Testing is Good. Pyramids are Bad. Ice Cream Cones are the Worst

Ice cream cones are the worst. Not all ice cream cones. Just the ones that model a testing approach for software development. Several different figures in the pantheon of leaders within the software engineering community, most notably Martin Fowler, have pointed to this anti-pattern as they explain a more sane approach for sustainable, high quality set of development practices.

Fowler and others within the engineering, QA and DevOps communities model a testing pyramid as the alternative approach to the clearly horrible ice cream cone. In working with teams, I’ve come to a new conclusion; pyramids suck too (just not as bad as ice cream cones).

Why Ice Cream Cones Are Bad

Back in 2011 when the savants at ThoughtWorks were codifying continuous delivery a number of obsessive engineers developed what has become dogma inside QA communities; the Testing Pyramid.

Along with the testing pyramid, came its anti-pattern; the Testing Ice Cream Cone. The ice cream cone is what comes out of a shop that places the majority of its QA effort and labor into manual test definition and execution. Over time, as the feature set supported by the software grows, the amount of required testing labor grows linearly, if not exponentially, right along with features (depending upon how features interact with each other, a new feature might have to be tested in the context of other features).

Testing Pyramid vs Testing Ice Cream Cone

Unless organizations are willing to either provide the amount of labor required to continue the manual testing approach, the enterprise will have to change approaches or depend upon providence and good fortune to avoid bugs and outages.

Clearly, this ice cream sucks, despite that it makes everyone want to scream. Product screams about long lead times, low quality and unpredictable results. Engineering screams about QA not catching defects. QA screams about not having enough resources to do the job well. We all do indeed scream about ice cream.

Why Pyramids Aren’t Much Better

The pyramid promises a different result. Shops that follow this pattern, place the majority of its QA effort and labor into automated test definition and creation. Over time, the body of tests grow and while costs do increase to maintain the suite of tests, the rate of increase becomes more palatable given that both quality and speed can be preserved (because test execution stays at the level of minutes or hours depending upon how you parallelize the execution across testing infrastructure).

Sounds great, doesn’t it? What could possibly go wrong? Here’s the deal; Practitioners are humans. These humans very often see the pyramid and apply it like a physical world concept — first construct the bottom layer of unit tests, then construct the next layer up and so on until you get to the top. I.E., “don’t do anything in layer two until later one is complete”.
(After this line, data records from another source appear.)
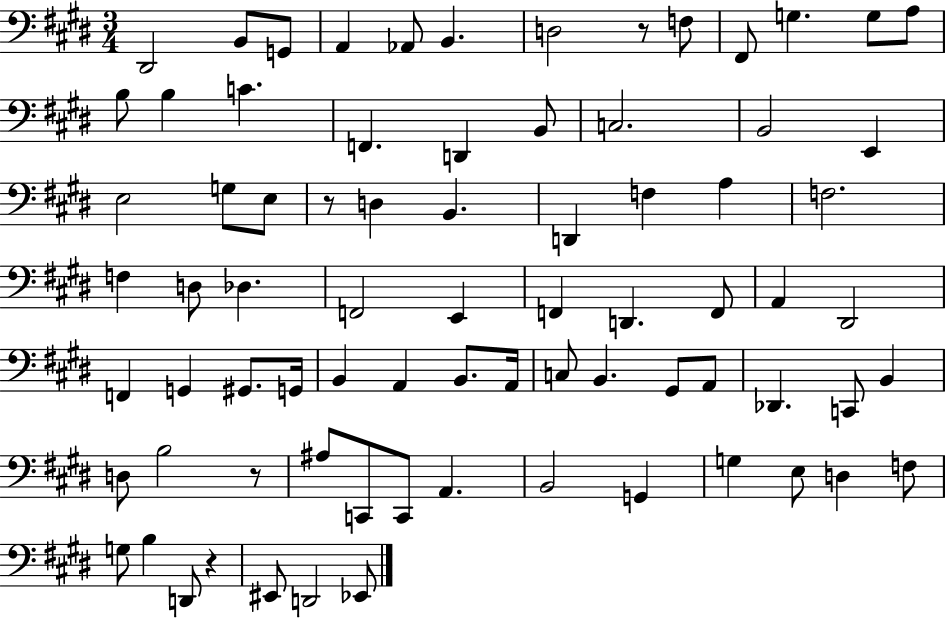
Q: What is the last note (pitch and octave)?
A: Eb2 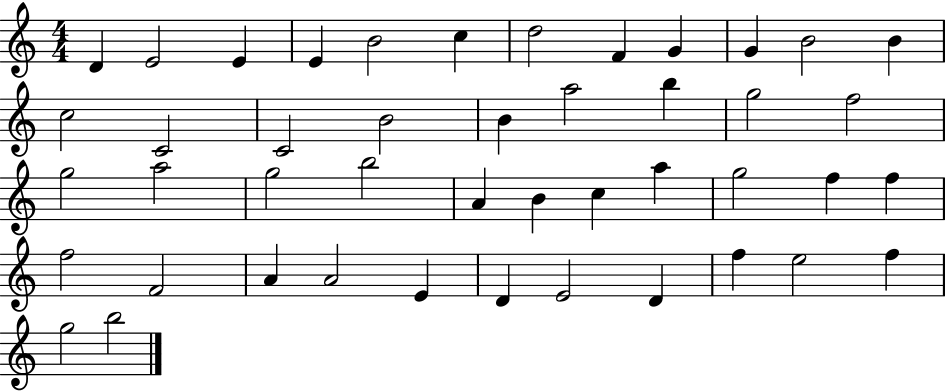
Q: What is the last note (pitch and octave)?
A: B5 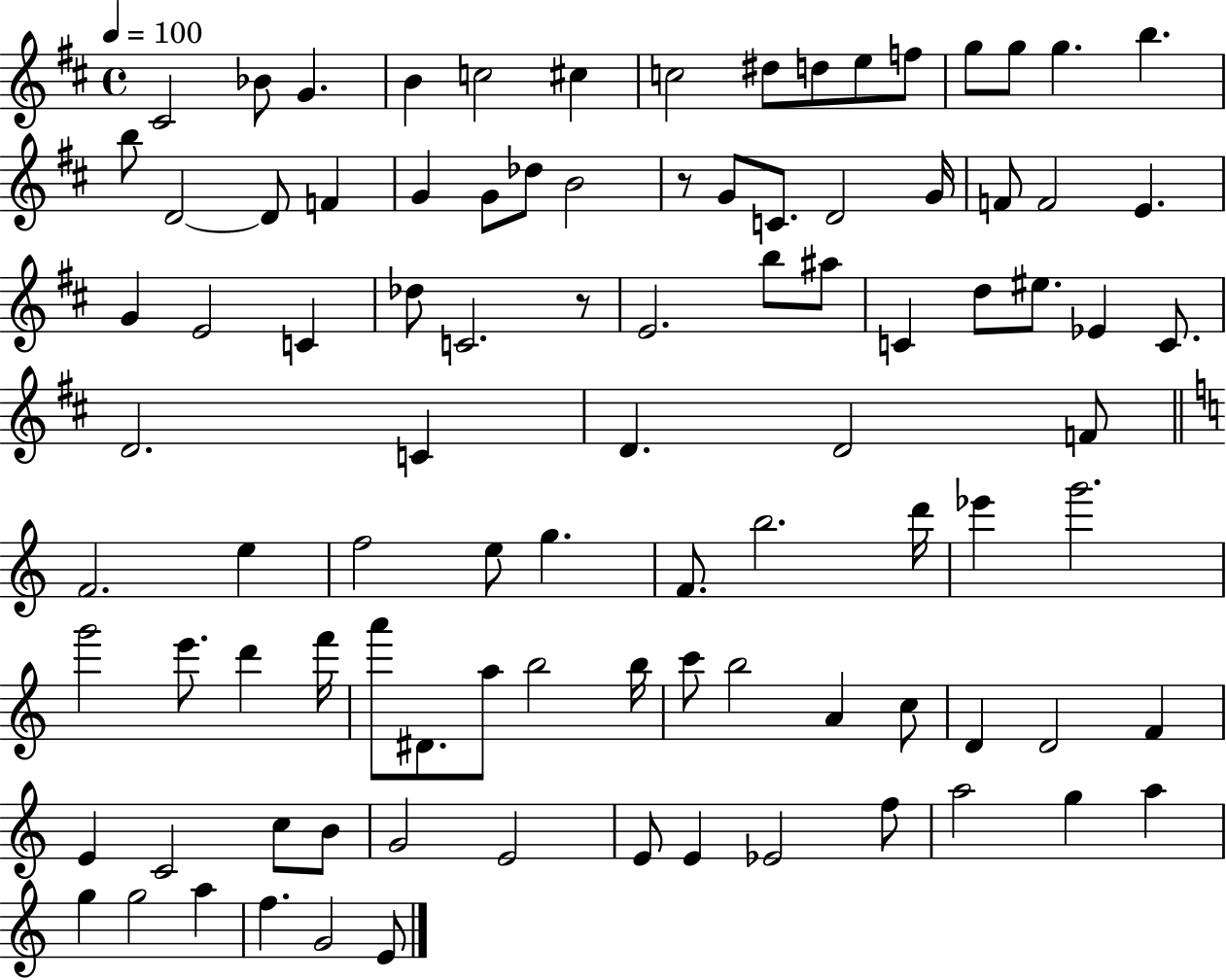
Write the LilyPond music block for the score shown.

{
  \clef treble
  \time 4/4
  \defaultTimeSignature
  \key d \major
  \tempo 4 = 100
  cis'2 bes'8 g'4. | b'4 c''2 cis''4 | c''2 dis''8 d''8 e''8 f''8 | g''8 g''8 g''4. b''4. | \break b''8 d'2~~ d'8 f'4 | g'4 g'8 des''8 b'2 | r8 g'8 c'8. d'2 g'16 | f'8 f'2 e'4. | \break g'4 e'2 c'4 | des''8 c'2. r8 | e'2. b''8 ais''8 | c'4 d''8 eis''8. ees'4 c'8. | \break d'2. c'4 | d'4. d'2 f'8 | \bar "||" \break \key c \major f'2. e''4 | f''2 e''8 g''4. | f'8. b''2. d'''16 | ees'''4 g'''2. | \break g'''2 e'''8. d'''4 f'''16 | a'''8 dis'8. a''8 b''2 b''16 | c'''8 b''2 a'4 c''8 | d'4 d'2 f'4 | \break e'4 c'2 c''8 b'8 | g'2 e'2 | e'8 e'4 ees'2 f''8 | a''2 g''4 a''4 | \break g''4 g''2 a''4 | f''4. g'2 e'8 | \bar "|."
} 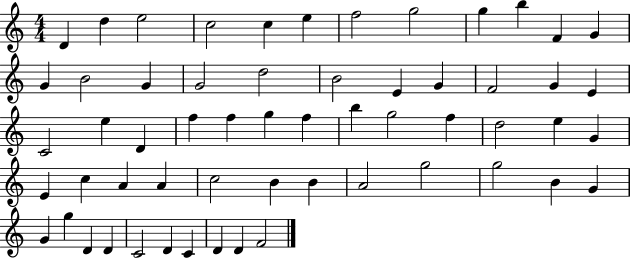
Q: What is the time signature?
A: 4/4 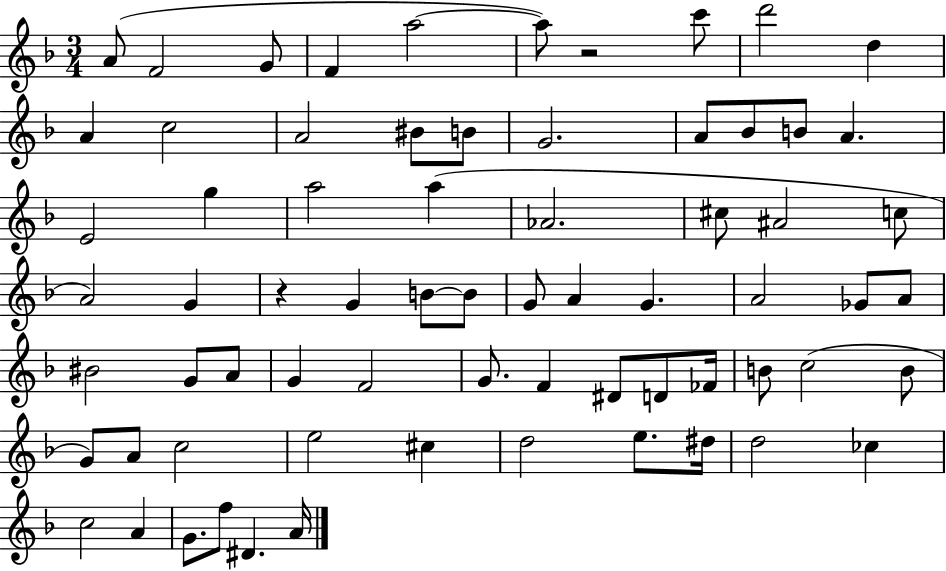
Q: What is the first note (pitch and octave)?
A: A4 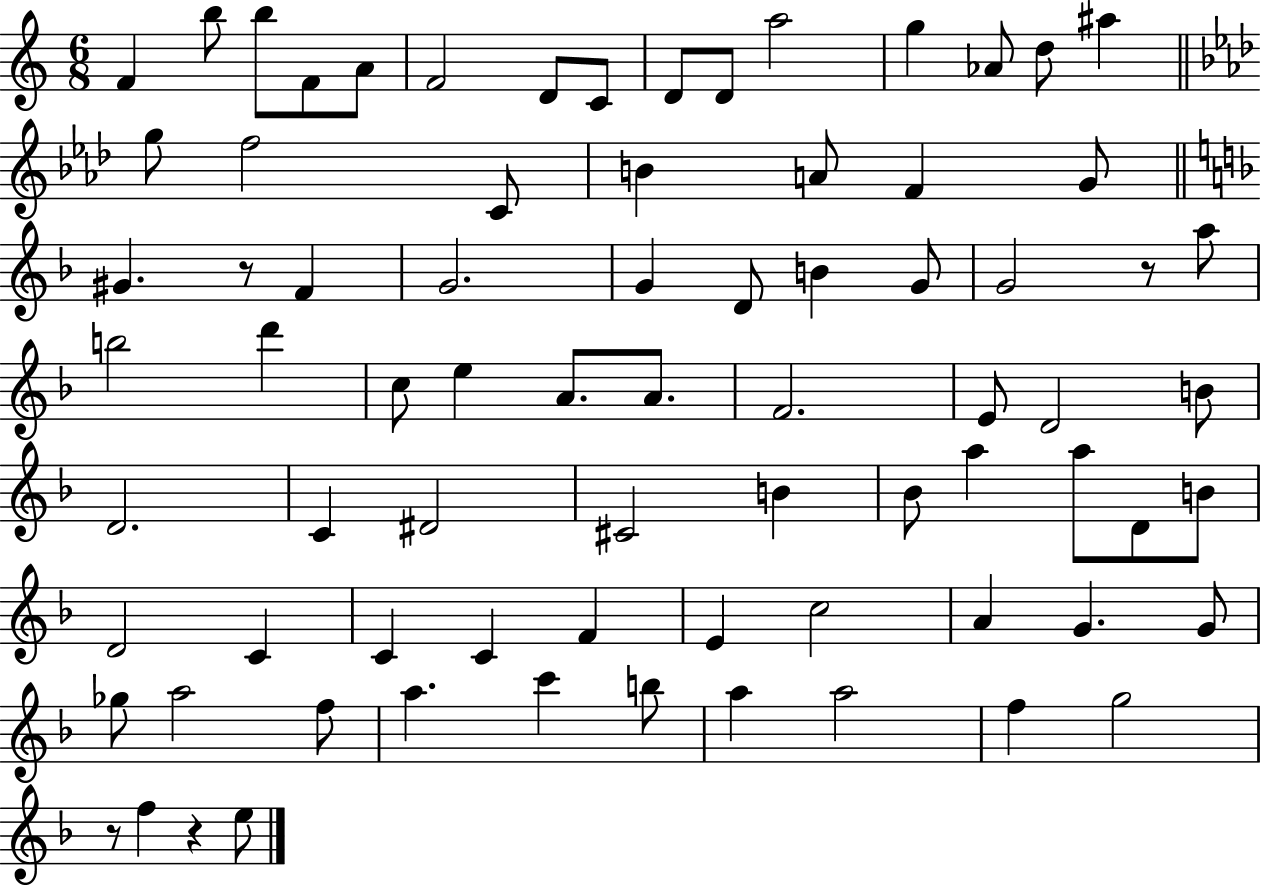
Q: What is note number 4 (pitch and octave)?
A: F4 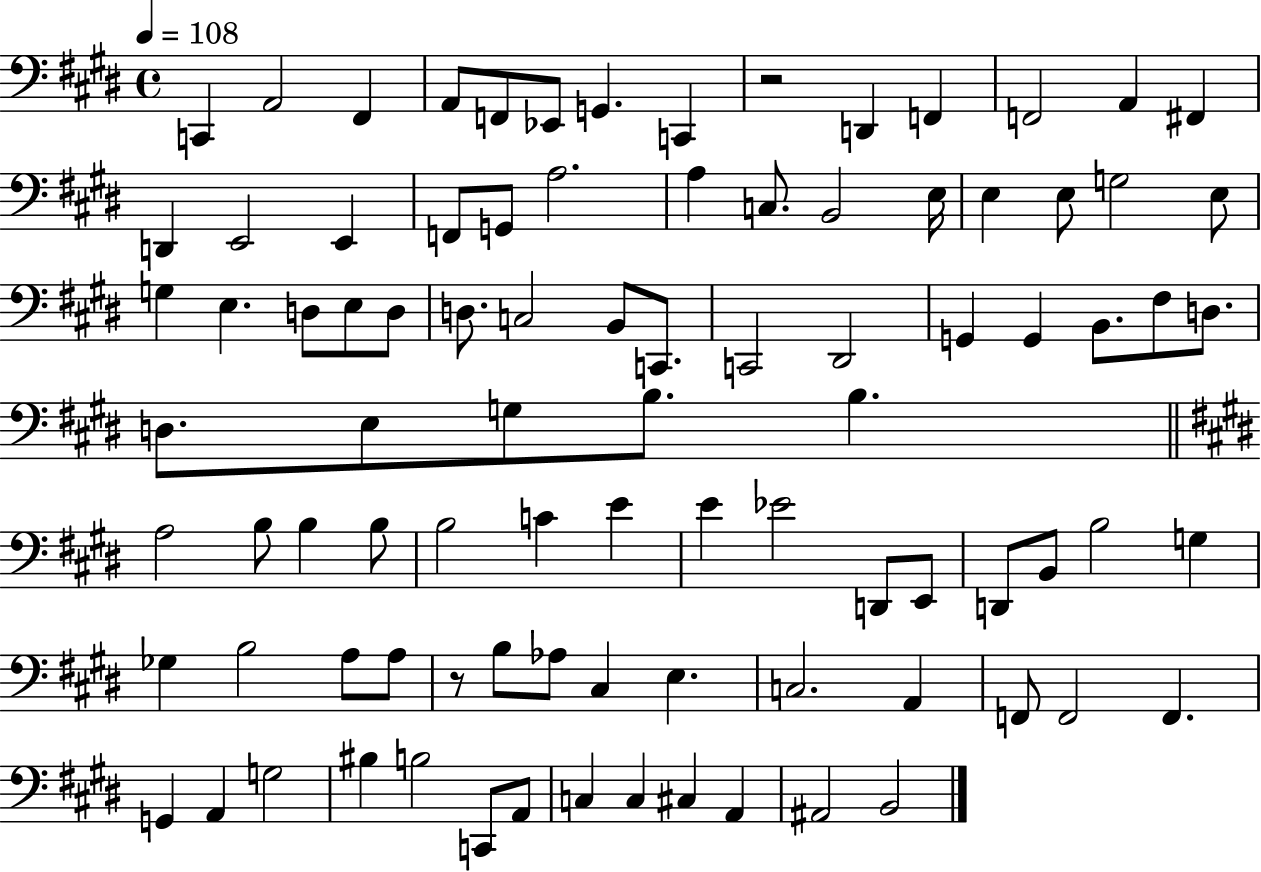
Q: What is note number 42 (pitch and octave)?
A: F#3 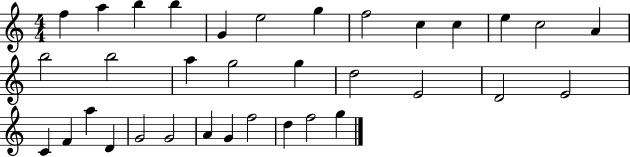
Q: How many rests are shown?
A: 0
While this application could conceivably work for a new code base if it was followed from inception, it could never hope to be effective when applied to a legacy application with a large code base and a team already running after the ice cream truck. Almost, if not, the entire team of engineers and QA staff would have to be dedicated to unit tests before any integration tests could be written, much less written and optimized for testing that doesn’t fully align with the feature-based functional paths. For example:

  • negative tests to find bugs off of the happy path main use case
  • security tests to find and eliminate security holes, ensure an appropriately secure application and prevent an unauthorized data breach
  • performance tests to find bottlenecks that kill user engagement and create possible outages

There may be less screaming in this mode, but the sounds coming out of this model surely aren’t cries of joy.

You Can Catch More Bugs With Honeycombs

So, if ice cream cones always suck, and pyramids suck for transforming teams, what’s a responsible development staff to do? Maybe it’s time to take a page out of the UX playbook and apply Peter Morville’s classic honeycomb model used to represent the facets of user experience. Each facet is required to achieve the end goal of a well designed experience, but no facet supersedes the others in terms of importance or precedence.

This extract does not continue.